The Gourock pool is no laughing matter
Well, we got lucky and now we’re laughing. In fresh salty water, under a Sunday sun. The water is clean, filtered and heated to a Mediterranean minimum of 29 degrees. That’s Centigrade you know. It’s a kind of Scottish miracle. And it’s better than Lorne sausage, deep fried mars bars and Irn Bru.
One of only two heated outdoor pools in Scotland
The Gourock Pool is one of only two heated outdoor pools left in Scotland (the other is in Stonehaven), and it’s been here for over 100 years. The original pool opened in 1909. Back then it was cold, tidal and had a sandy floor but not now. Heating was added in 1969 and now a 2010 £1.8m refurbishment has the place thoroughly updated with new changing facilities, a gym overlooking the river, a children’s pool and sun terrace. Yes, a sun terrace. In Scotland. I bet there were critics when the council announced that investment, but you won’t find them around this morning. Unless they are sunbathing quietly in a corner.
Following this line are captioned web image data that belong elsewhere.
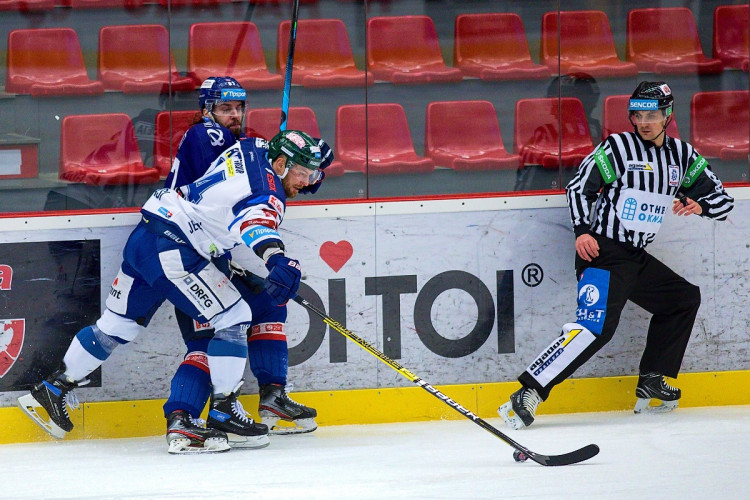 FOTOGALERIE: Znovu a znovu. Motor pokračuje ve výsledkové mizérii, doma nestačil ani na Kometu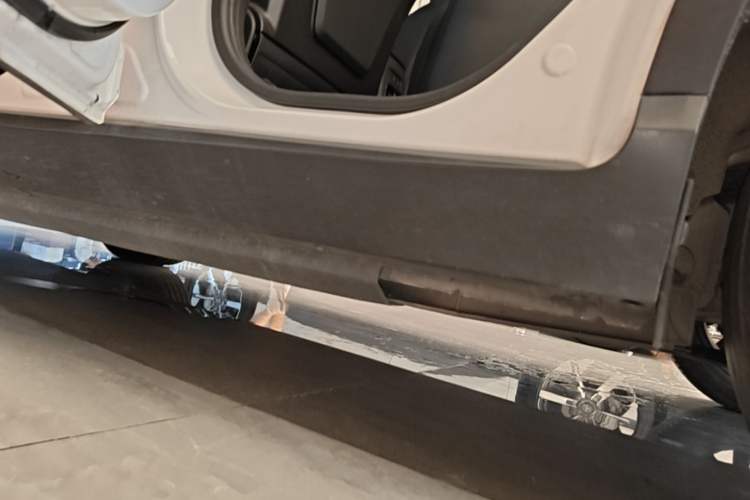 Used XPeng G3 2019 Smart Edition Left Side Sill
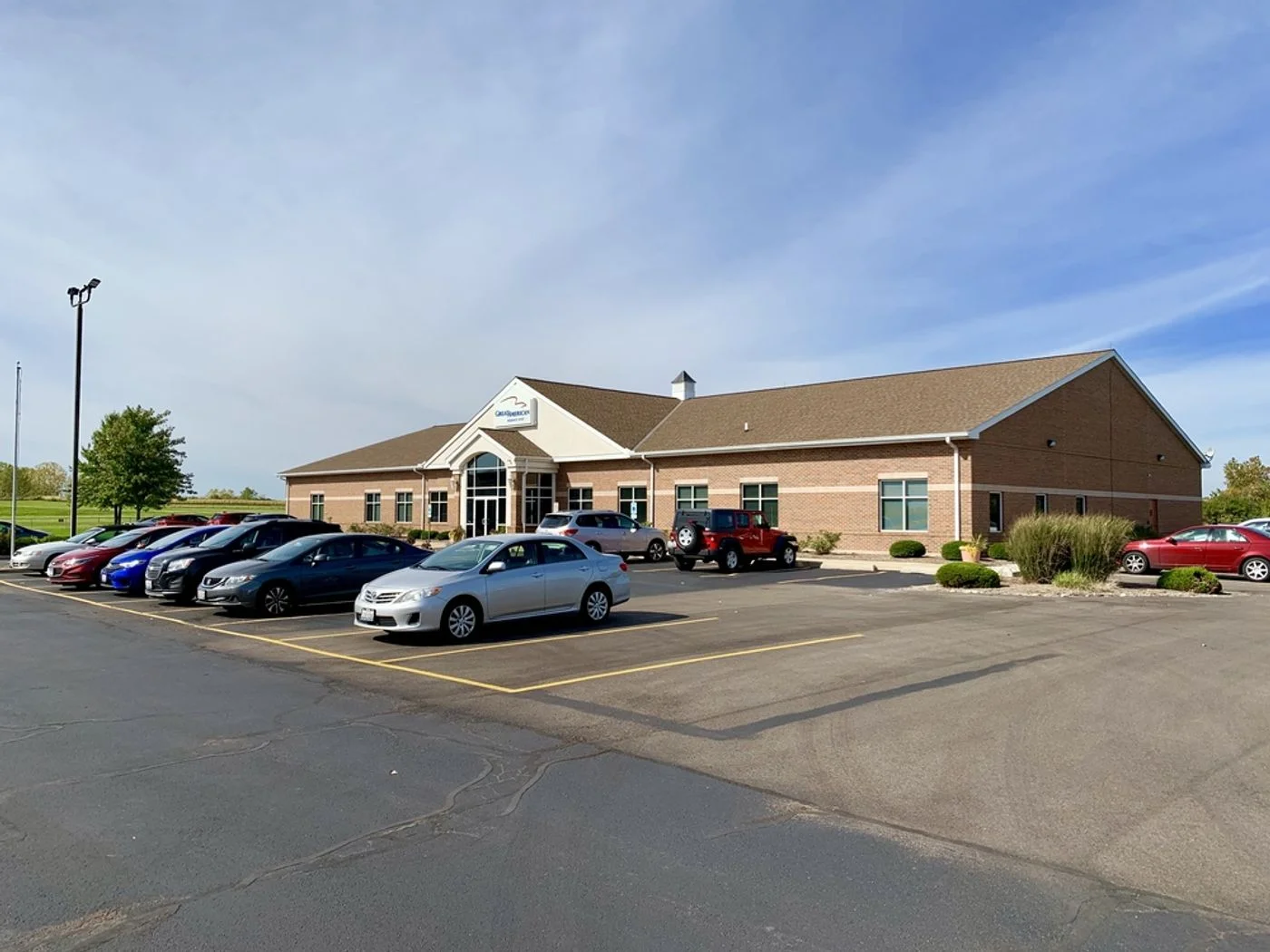 Photo 2 of 1315 W Commerce Dr, Peoria, IL 61615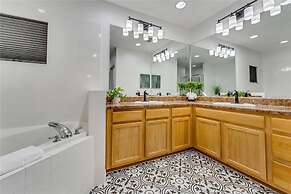 3 bed - Private Oasis - Completley Immaculate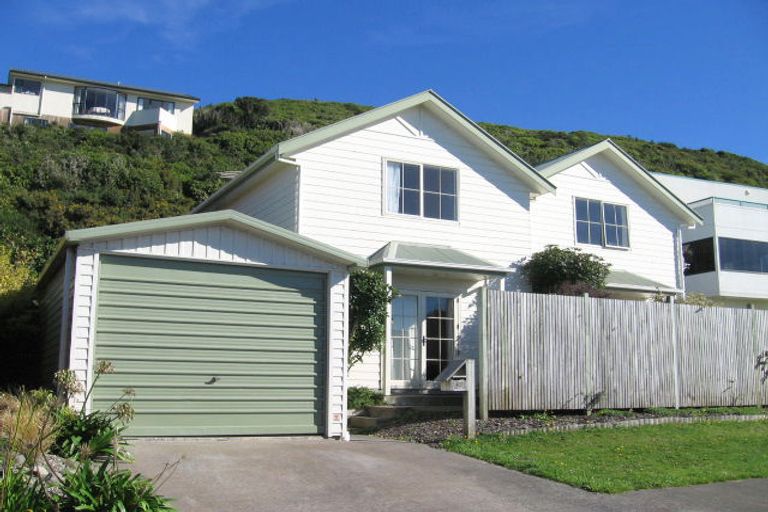 Photo of property in 45a Nalanda Crescent, Broadmeadows, Wellington, 6035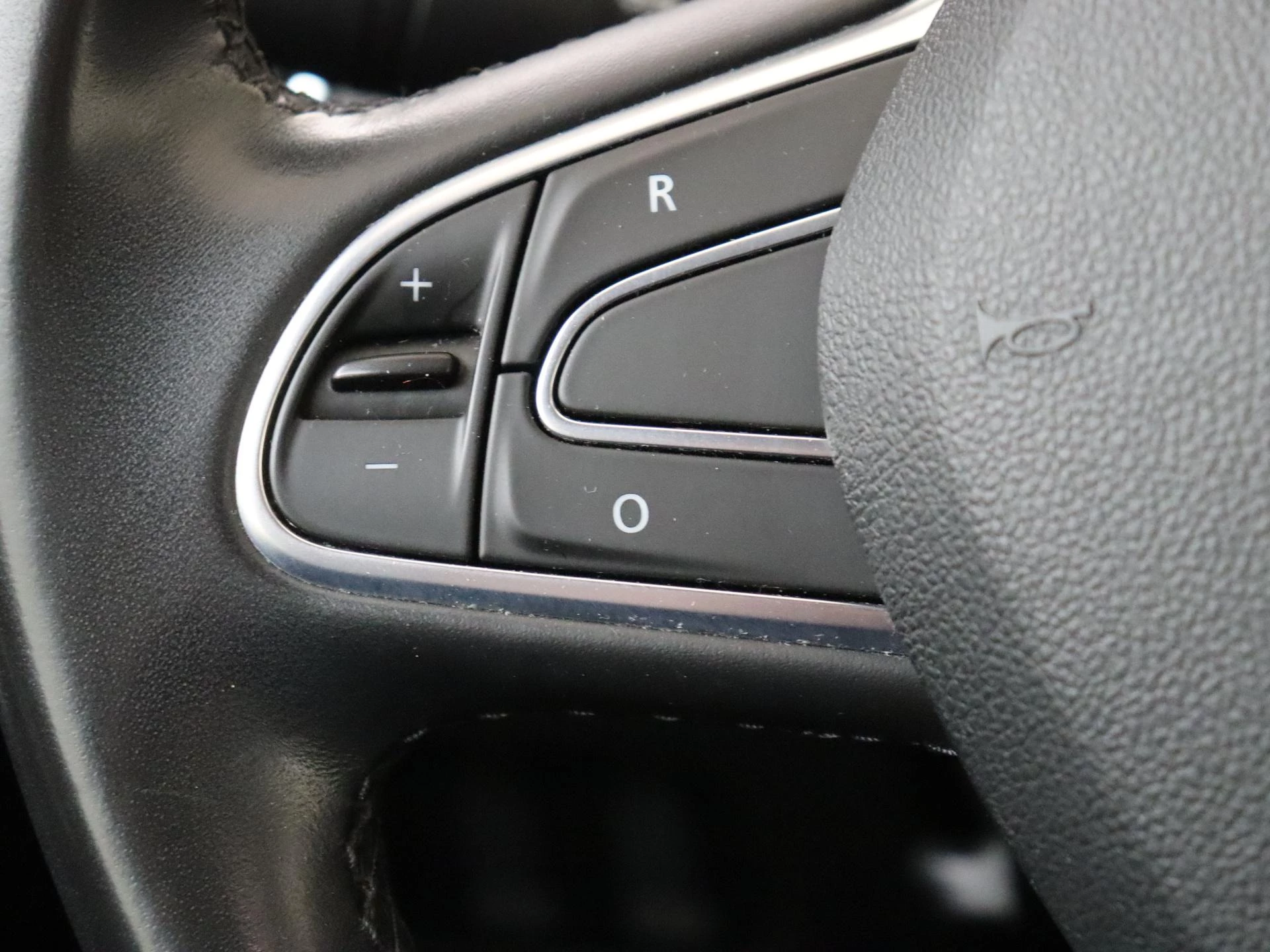 Renault Kadjar 1.3 TCe 160 PK Black Edition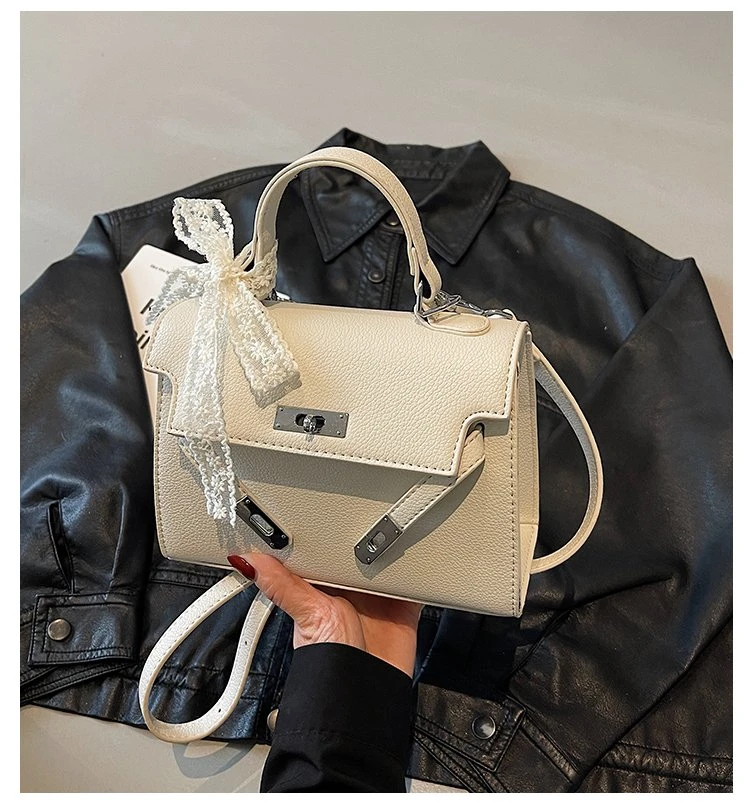 (A07）字母法式耐磨简约风纯色单肩车缝线腋下包都市简约拉链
Mind you this isn’t just a fair-weather attraction. It’s open whatever the weather, well apart from thunderstorms. And the changing weather adds drama to the view from the poolside, out across the Clyde to Loch Long and beyond to the Loch Lomond and Trossachs National Park. Today with the bunting beating lightly in the wind it’s certainly warmer in the pool than out and there’s a bit of dashing for the changing rooms, but no-one seems to mind. After all, the sun is out.
Something for everyone
Judging by crowd the spruced up pool is proving popular with the local community. Poolside a group of lycra clad triathletes arrive, swapping bikes for trunks as they train for the Inverclyde Triathlon, hosted by the Pool in August. Meanwhile in the fast lane, there are people clocking up lengths for the Tom and Gerry challenge, trying to get ahead on the leader board of the Pool’s summer long race to swim 45 miles or 2100 lengths before the summer ends.
But it’s not all about swimming for sport nuts. The pool has a sense of fun too with regular midnight swims, kayaking lessons, pool parties, inflatable fun sessions and water polo. You can tell by the mix of people in the water that the place has wide appeal; with silvery Nans chatting in the deep end, kids splashing in the shallows, spectacled pensioners swimming slowly between the two, while local dudes hang loose in surf shorts and sunnies.
It’s salty, very salty
My kids aren’t that impressed though. “Eughh, this water’s really, really salty,” complains Hannah as she downs another mouthful. “I want to get out.”
But I won’t have this rare Scottish Sunday treat cut short.
I give her a towel and a pound and carry on floating.
“Aren’t you getting out? ” she asks.
“No. Go and get dressed then buy yourself an Irn Bru to take the taste away” I tell her.
“What’s Irn Bru?”
“Something Scottish to take the taste away”.